Media Mix Modeling Demo

I put together this simple demonstration of a media mix modeling strategy in R to document my process teaching myself this technique. I will use a sample dataset “marketing” from the R package datarium. This simulated dataset contains 200 weeks of sales data and marketing spends (in $1k units) for Youtube, Facebook and newspaper channels.
It is adapted from a tutorial at https://towardsdatascience.com/building-a-marketing-mix-model-in-r-3a7004d21239/, extended with additional packages, models and visualization tools (ggplot and plotly).

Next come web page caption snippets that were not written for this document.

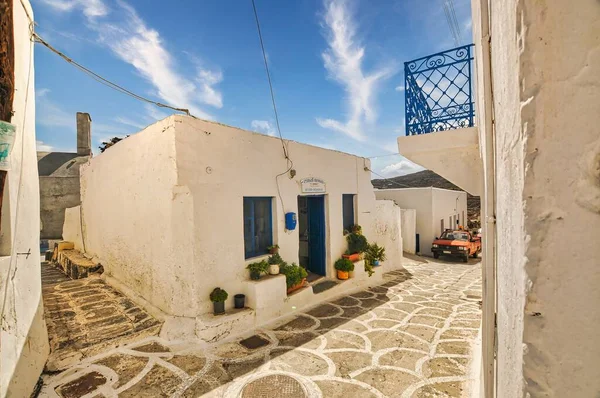 Une Petite Belle Maison Dans Village Traditionnel Kastro Sikinos Grèce — Photo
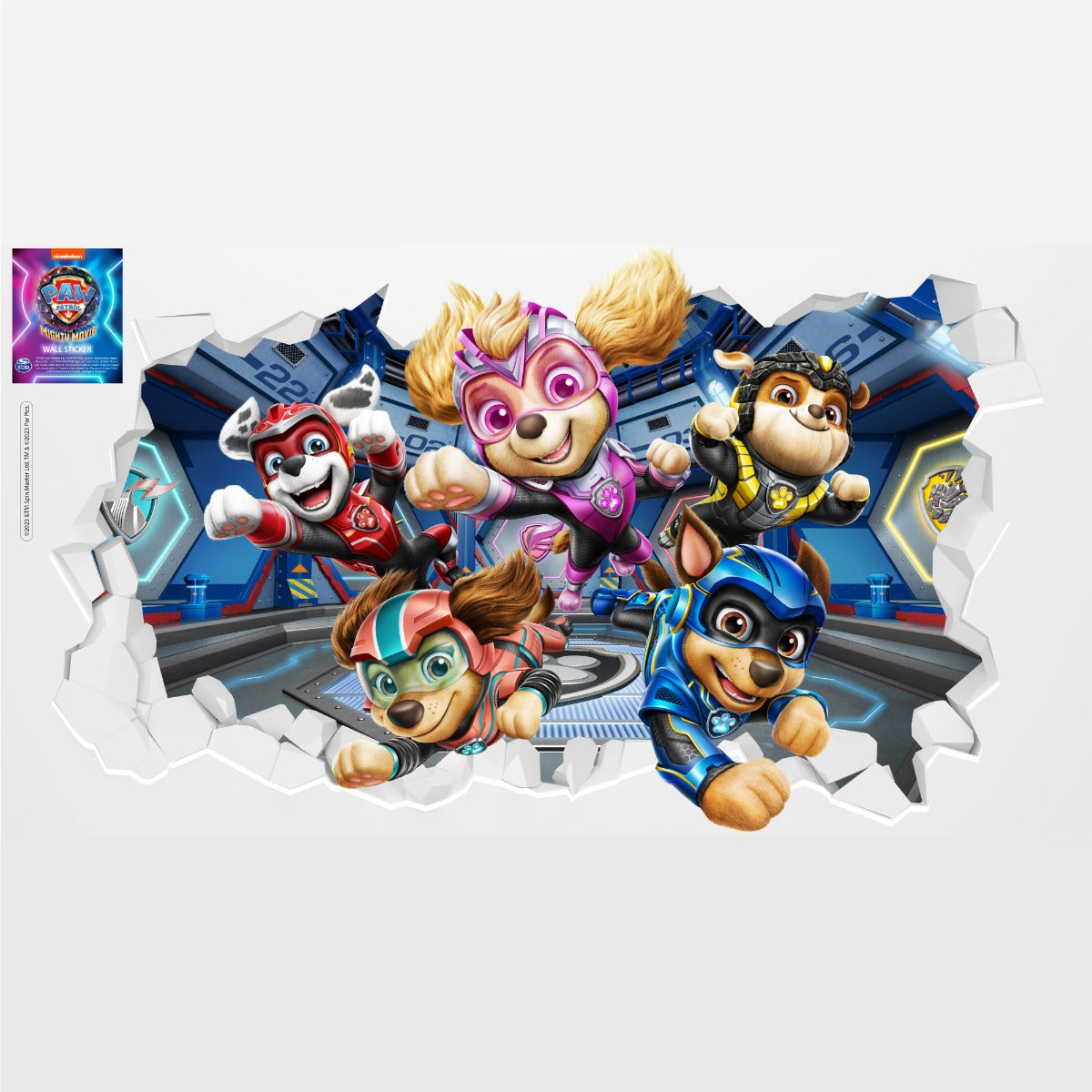 Paw Patrol The Mighty Movie Group Broken Wall Sticker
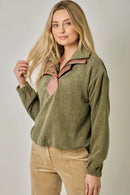 Corduroy Double Collared Pullover Jacket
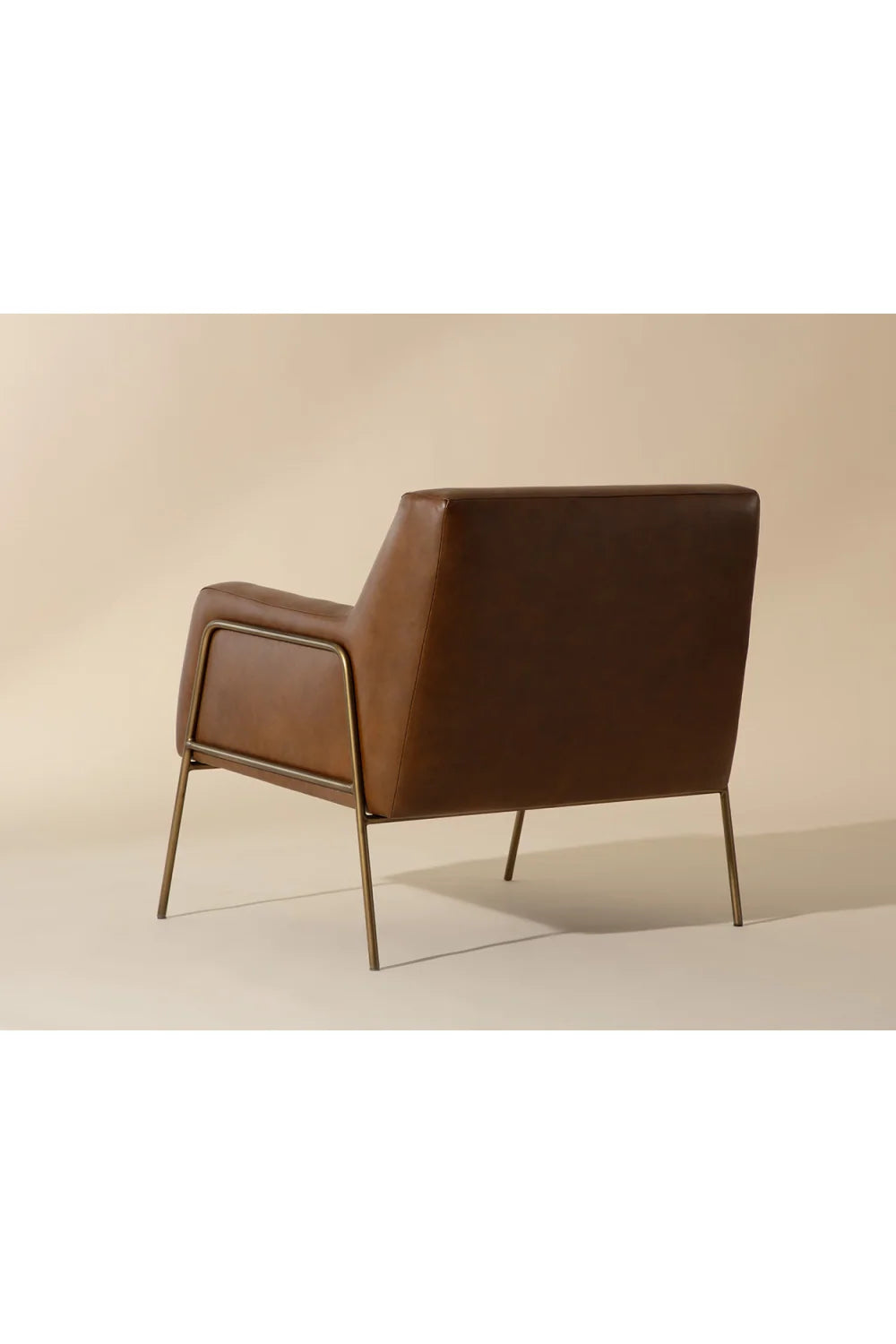 Luxury Vintage Brown Leather Lounge Chair Modern Italian Style for Villa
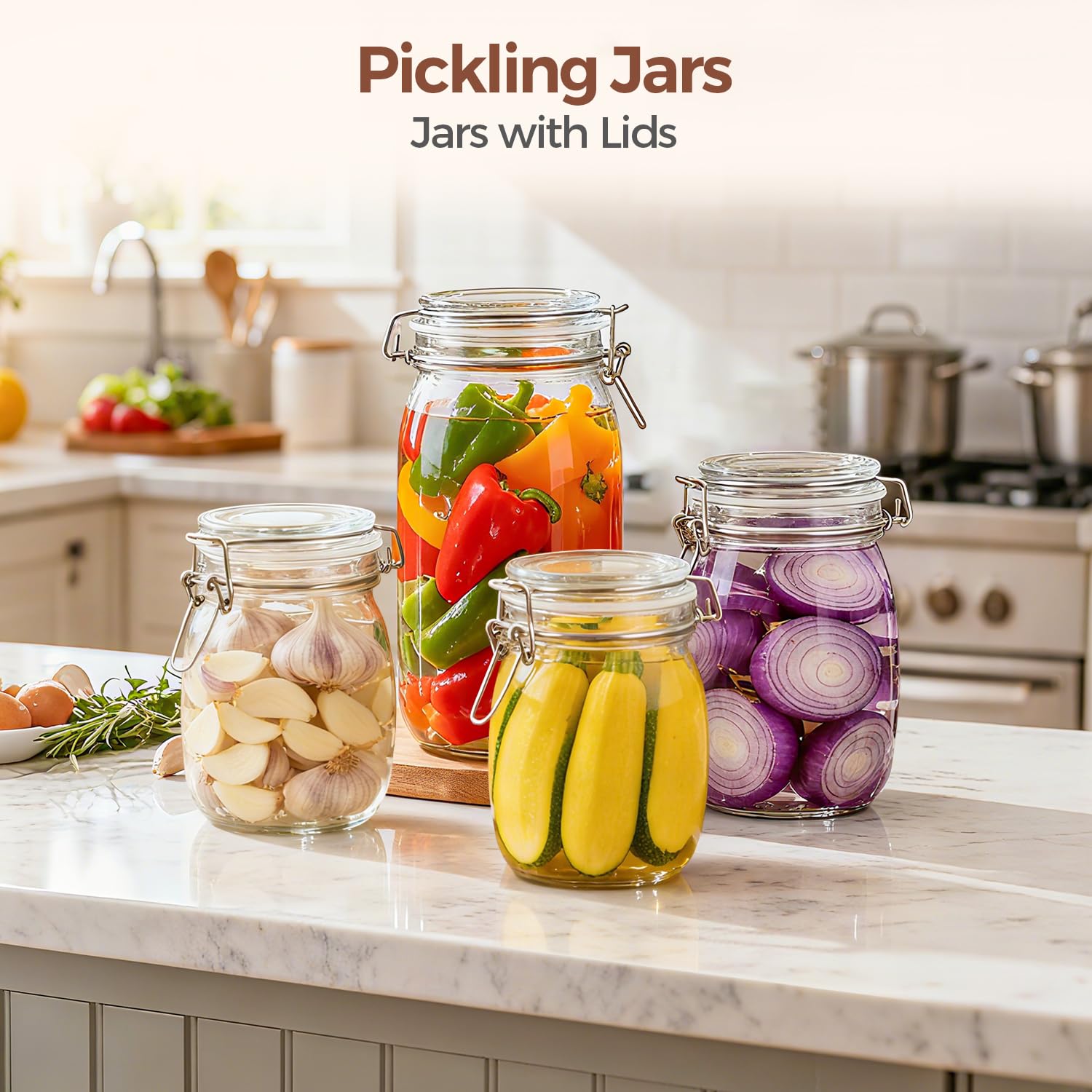 ComSaf Glass Food Storage Jar with Airtight Lid 2.3L/78OZ Set of 3, Storage Canister Container Square with Clear Preserving Seal Clip Fastening for Kitchen and Pantry Organization Cereal, Coffee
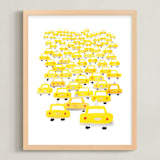 "Taxis in Traffic" - Art Print in White by BernadetteSosa - Framed
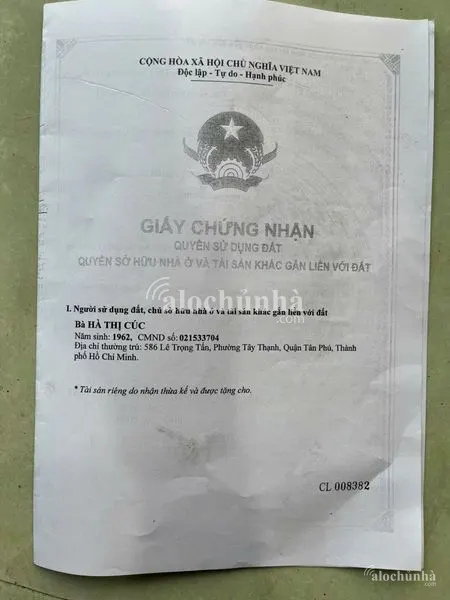 Bán Nhà số 584A đường Lê Trọng Tấn, phường Tây Thạnh, quận Tân Phú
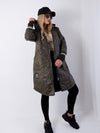 Sally Oversize Quilted hooded jacket Khaki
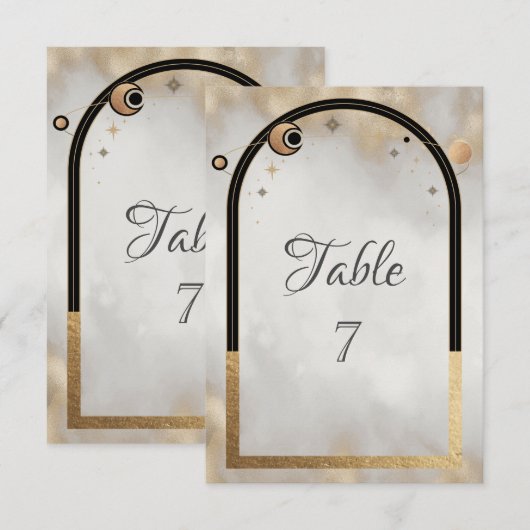 Celestial Gold Sun And Moon Galaxy Kaart (Voorkant / Achterkant)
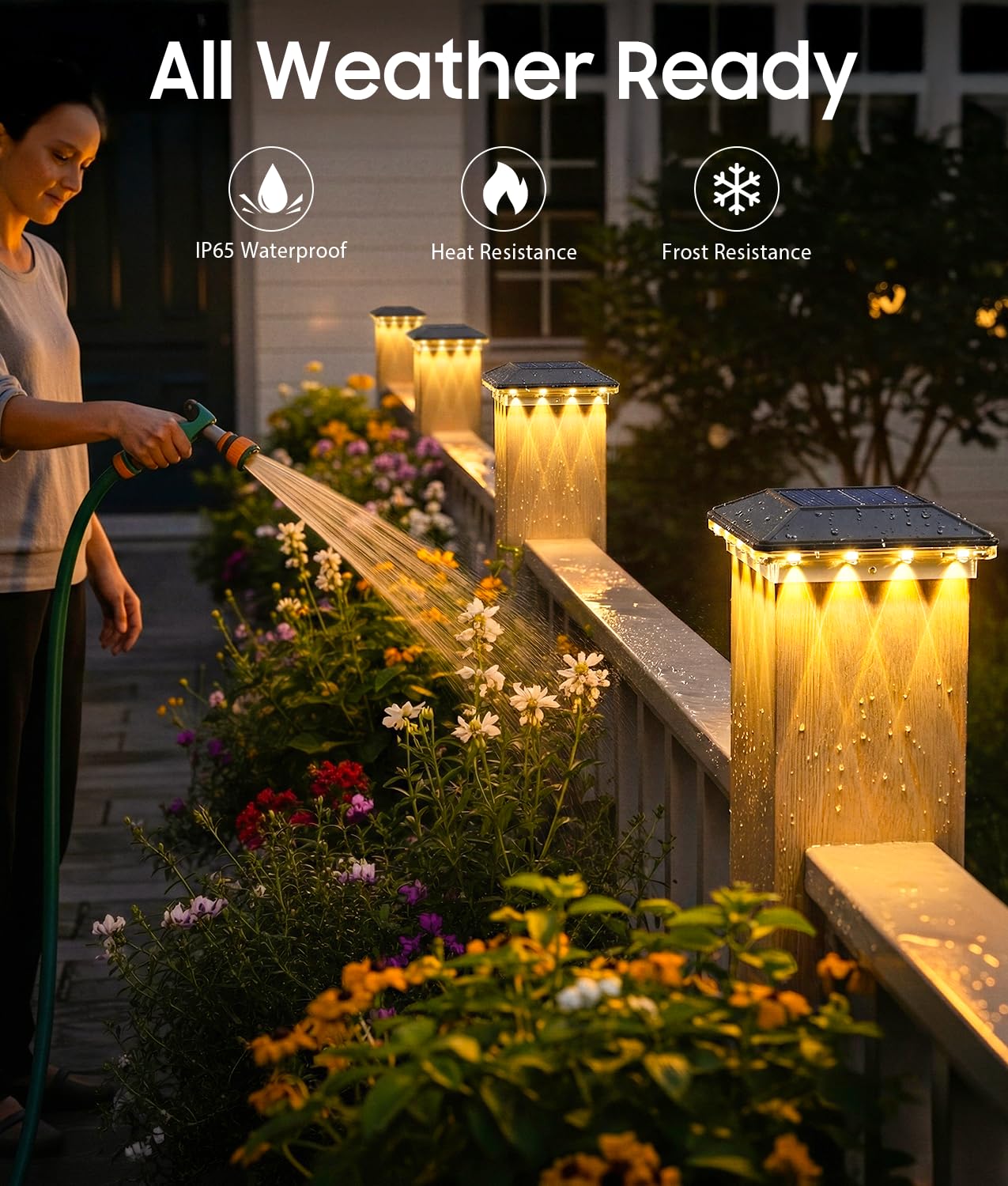 ENSLI 6 Pack 4x4 Solar Post Cap Lights Outdoor, 3 Modes 16 LEDs Fence Post Solar Lights, Focused Lens Deck Fence Post Lights Solar Powered Waterproof Fits 4x4 3.5x3.5 Vinyl Wooden Posts for Deck Porch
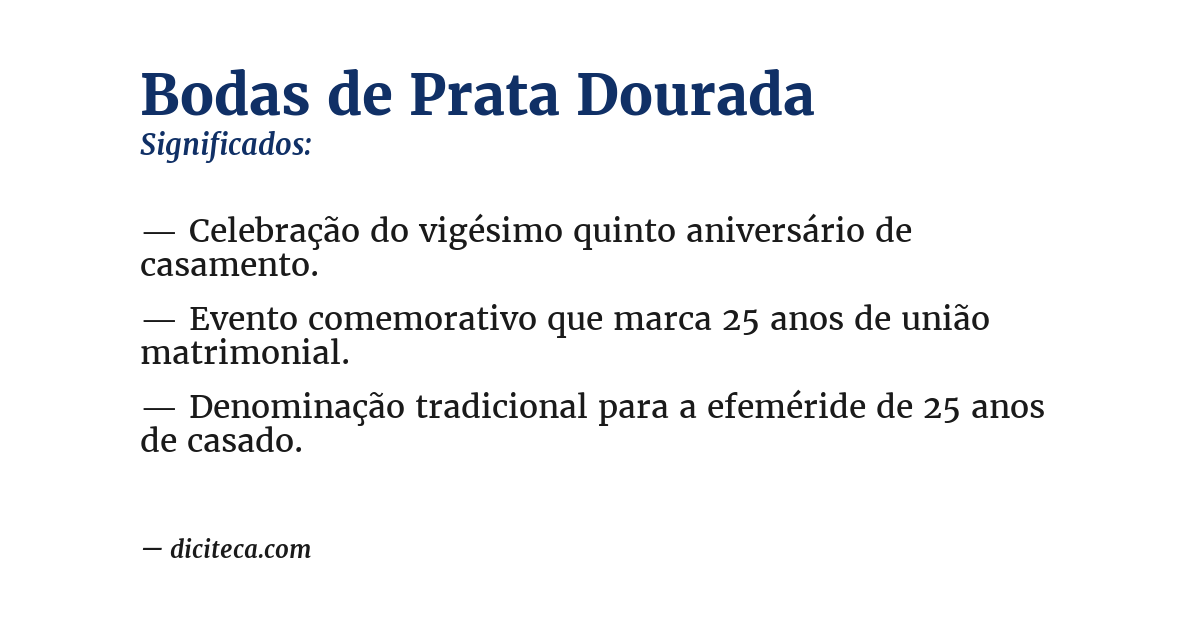 Significado de bodas de prata dourada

Load data and look at correlations

At first glance, youtube and facebook ad budgets seem to be correlated with sales; newspaper spend shows less of a clear relationship.
Adstock adjustment
Because advertising may affect a customer’s behavior for an extended period after exposure, we will adjust the spend amounts per week to include additional amounts from the previous two weeks (adstock). The exact decay rates vary depending on the medium and other factors; here I will use rates of 10%, 15% and 25% for facebook, youtube and newspaper, respectively. All will have a “memory” of two weeks.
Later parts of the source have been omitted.